Exactly as written, return every line of the data below apart from the pictures.
---------- RECORDED DATA ----------
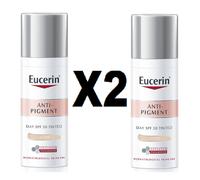 2 x Eucerin Anti-Pigment Day Cream SPF30 Tinted Light 50ml Set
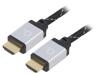 CCB-HDMIL-2M Кабель; HDMI 2.0; вилка HDMI,с обеих сторон; 2м; черный; 30AWG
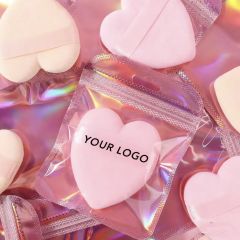 Heart-shaped Velvet Powder Puff – Custom Logo Cosmetic Puffs for B2B Wholesale,Heart-shaped Velvet Powder Puff – Custom Logo Cosmetic Puffs for B2B Wholesale 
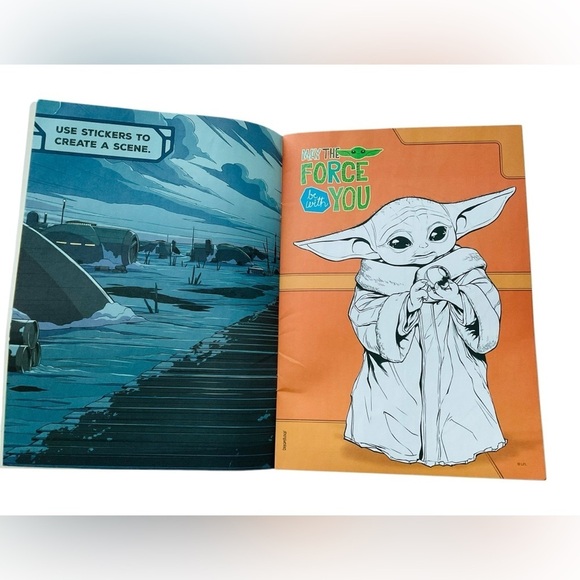 TWO Star Wars The Mandalorian Stickertivity Colortivity Books One Brand New - Picture 8 of 8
----------
EXPECTED ANSWER
 2 x Eucerin Anti-Pigment Day Cream SPF30 Tinted Light 50ml Set
 CCB-HDMIL-2M Кабель; HDMI 2.0; вилка HDMI,с обеих сторон; 2м; черный; 30AWG
 Heart-shaped Velvet Powder Puff – Custom Logo Cosmetic Puffs for B2B Wholesale,Heart-shaped Velvet Powder Puff – Custom Logo Cosmetic Puffs for B2B Wholesale 
 TWO Star Wars The Mandalorian Stickertivity Colortivity Books One Brand New - Picture 8 of 8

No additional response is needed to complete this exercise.